**WORK ORDER:** Nothing but the lines from the one containing "Picture of Jigsaw" through the last line of the material should appear in the answer, transcribed exactly, pictures excluded.
··· SUPPLIED DATA ···
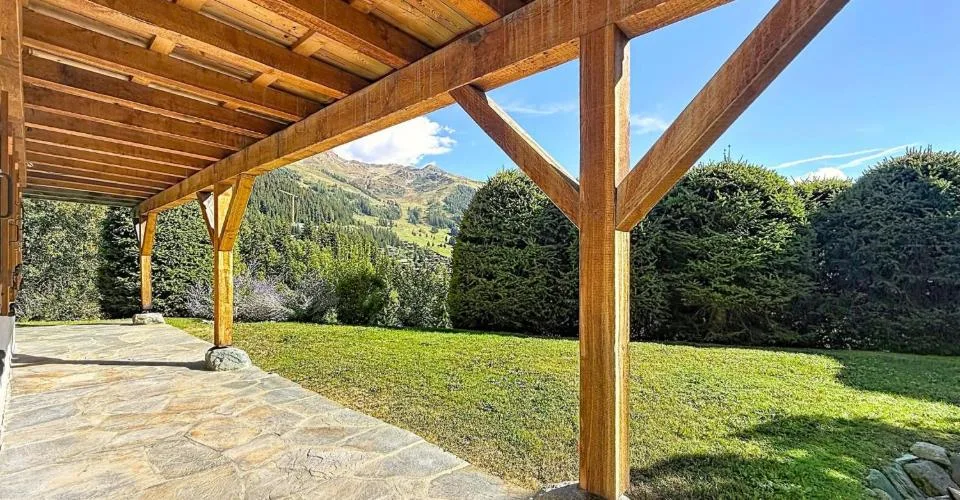 5 Zimmer Chalet in Verbier – Foto 12 von 13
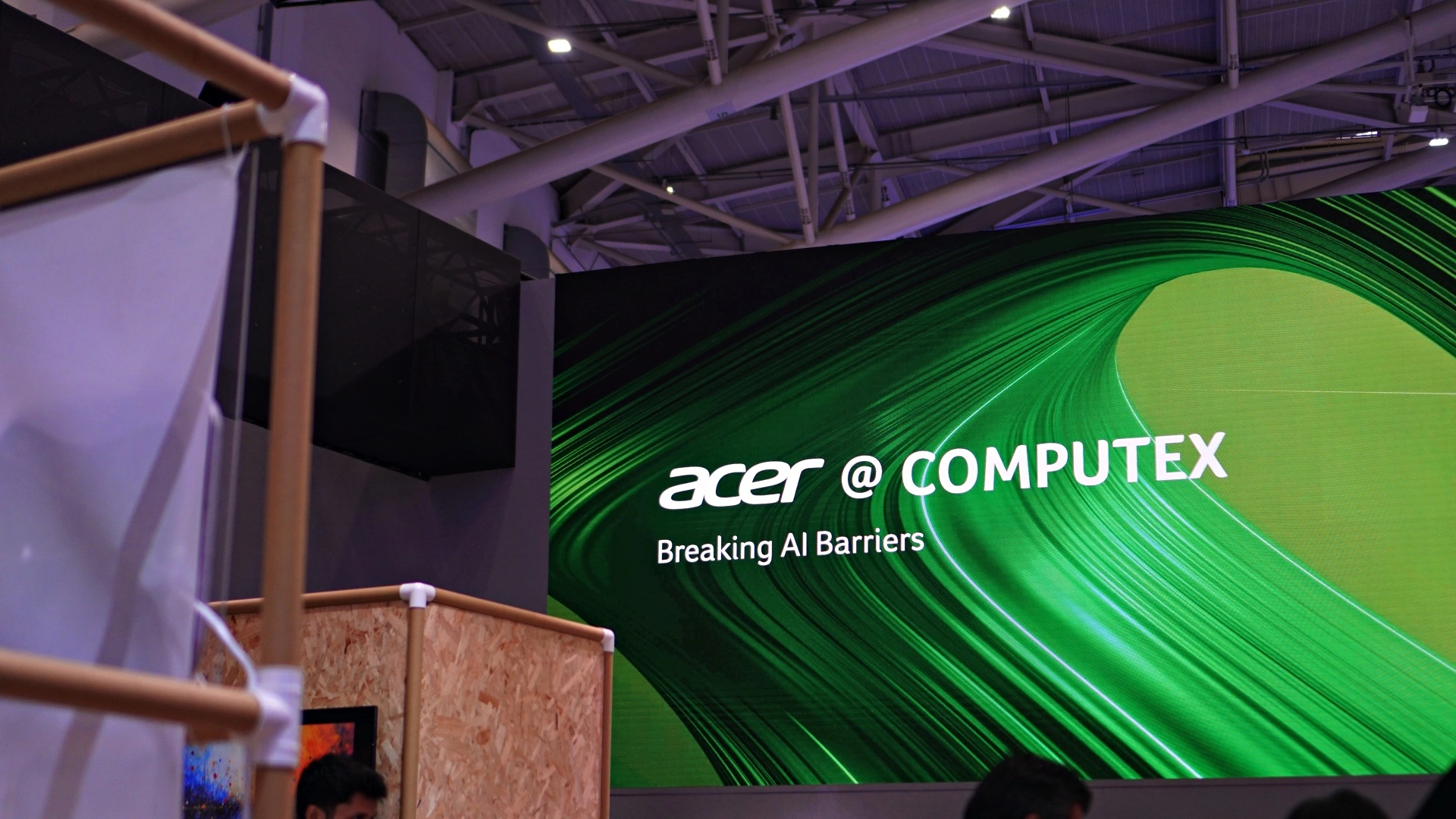 Acer @Computex 2025 Event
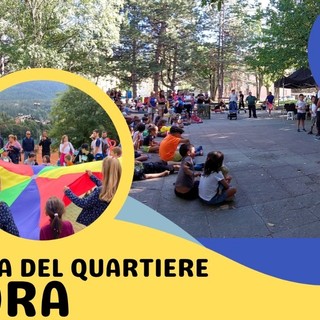Festa al quartiere Dora, ma il vero appuntamento è sul futuro del prato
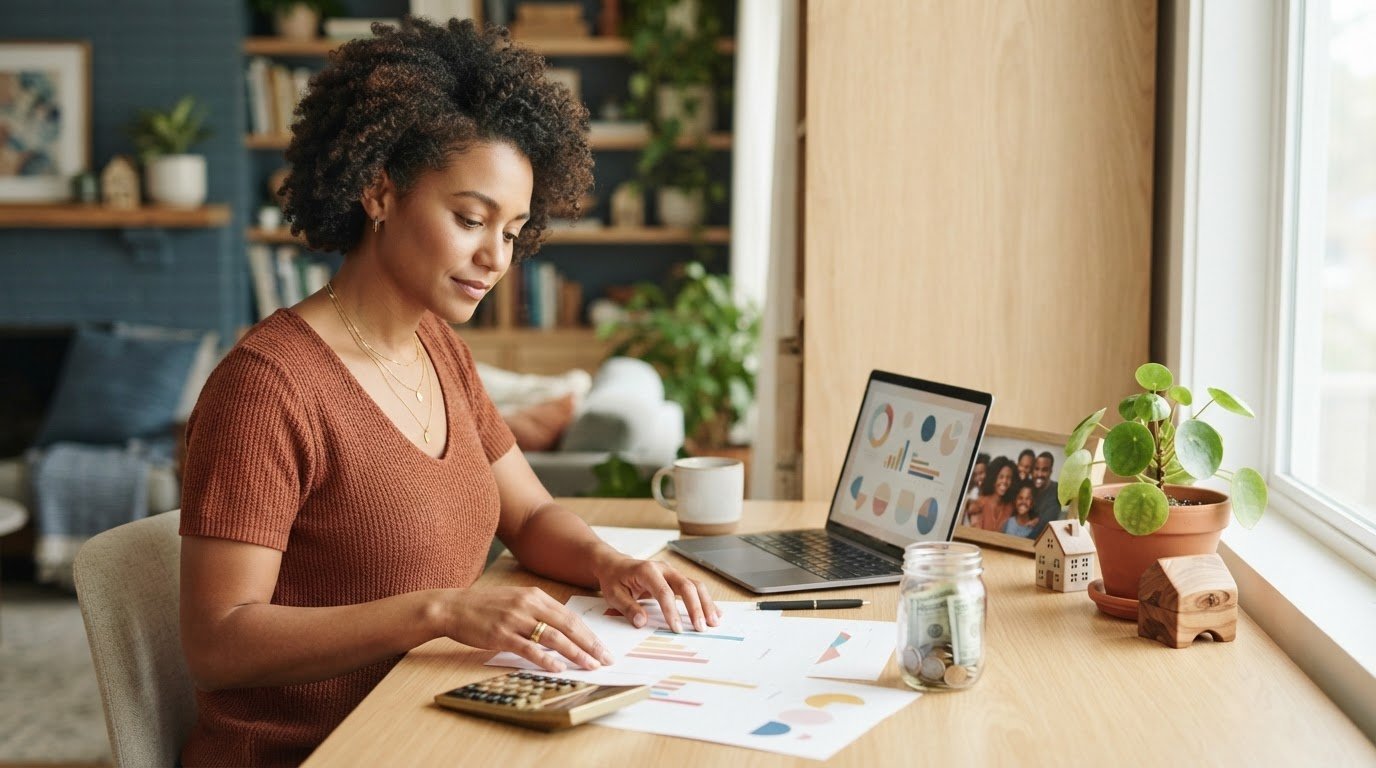 How Women Set Money Goals Aligned With Values
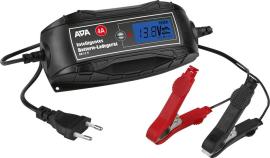 Intell. Batterieladegerät6/12V 4A Produktbild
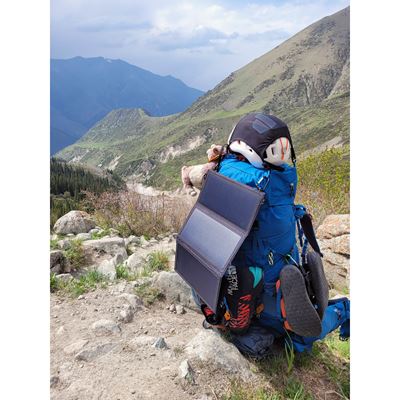 Nabíjačka solárna OFFROAD basic NATURE 180873 3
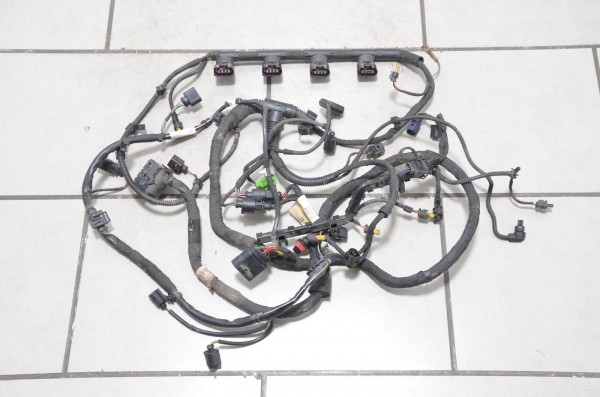 Motorkabelbaum Kabelbaum 2.0 TSI CCZA CCZB Audi Seat VW 06J972619AA 06J971082B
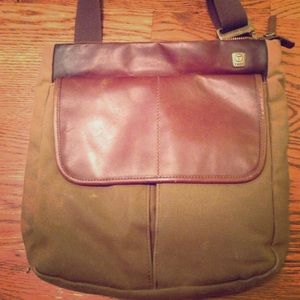TUMI Tech Shoulder Bag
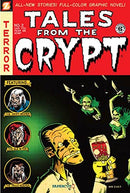 Tales From The Crypt Graphic Novel Can You Fear Me Now?
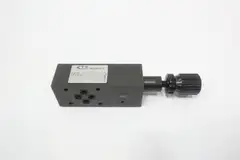 CTI MRV-02-B-2 HYDRAULIC MODULAR RELIEF VALVE
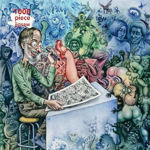 Picture of Jigsaw Puzzle R. Crumb: Who's Afraid of Robert Crumb? : 1000-piece Jigsaw Puzzles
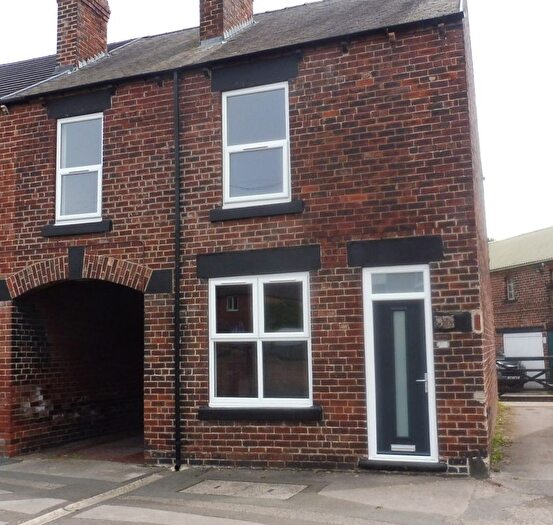 3 Bedroom Semi-Detached House For Sale In George Street, Low Valley, S73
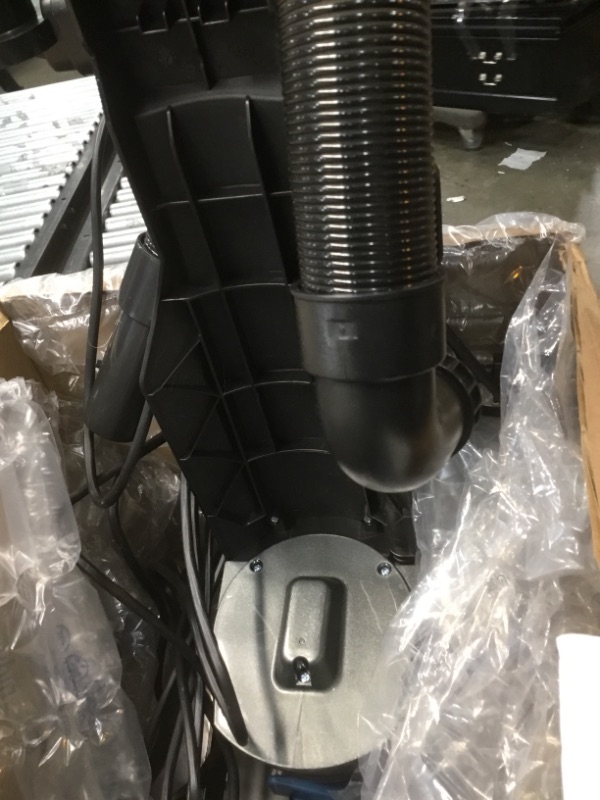 Photo 1 of *Tested and functioned*
Eureka PowerSpeed Lightweight Powerful Upright Vacuum Cleaner
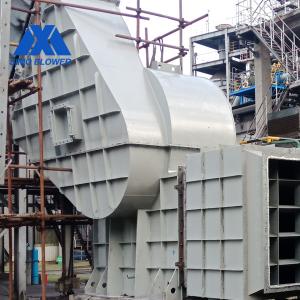 China Petroleum And Chemical Industrial Air Suction Ventilation Centrifugal Fans High Pressure factory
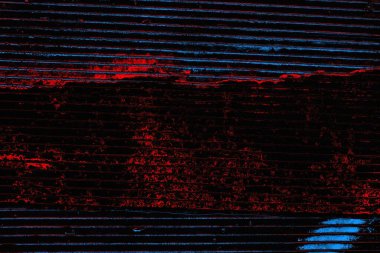 soyut mavi ve kırmızı doku, grunge arkaplan, boşluk duvar kağıdını kopyala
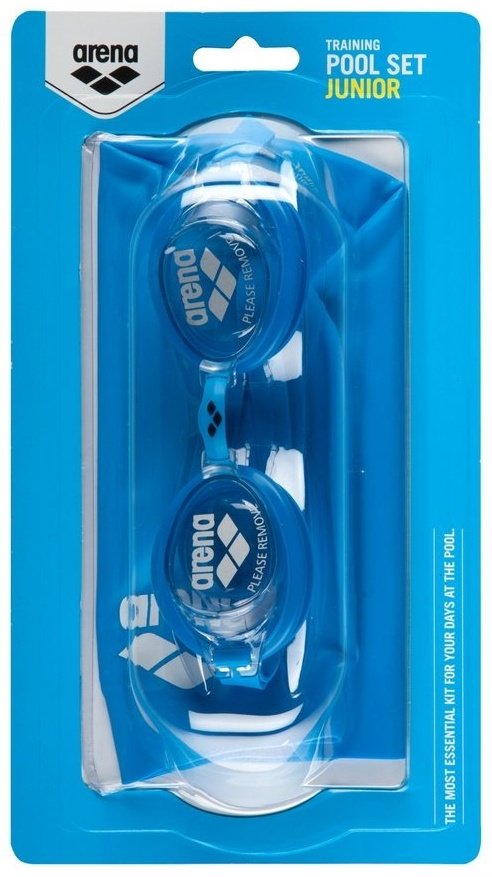 Очки ARENA 92423 синий - ForteMarket Очки ARENA 92423 синий купить,0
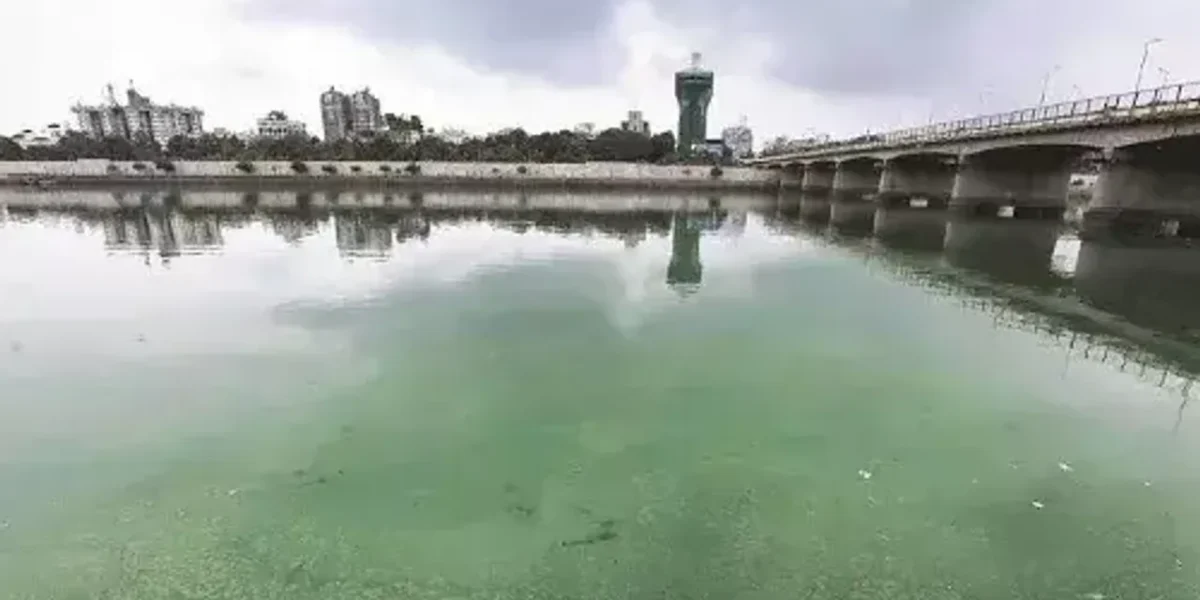 Gujarat: Now, a rubber dam across the Sabarmati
···
**RESULT:**
 Picture of Jigsaw Puzzle R. Crumb: Who's Afraid of Robert Crumb? : 1000-piece Jigsaw Puzzles
 3 Bedroom Semi-Detached House For Sale In George Street, Low Valley, S73
 Photo 1 of *Tested and functioned*
Eureka PowerSpeed Lightweight Powerful Upright Vacuum Cleaner
 China Petroleum And Chemical Industrial Air Suction Ventilation Centrifugal Fans High Pressure factory
 soyut mavi ve kırmızı doku, grunge arkaplan, boşluk duvar kağıdını kopyala
 Очки ARENA 92423 синий - ForteMarket Очки ARENA 92423 синий купить,0
 Gujarat: Now, a rubber dam across the Sabarmati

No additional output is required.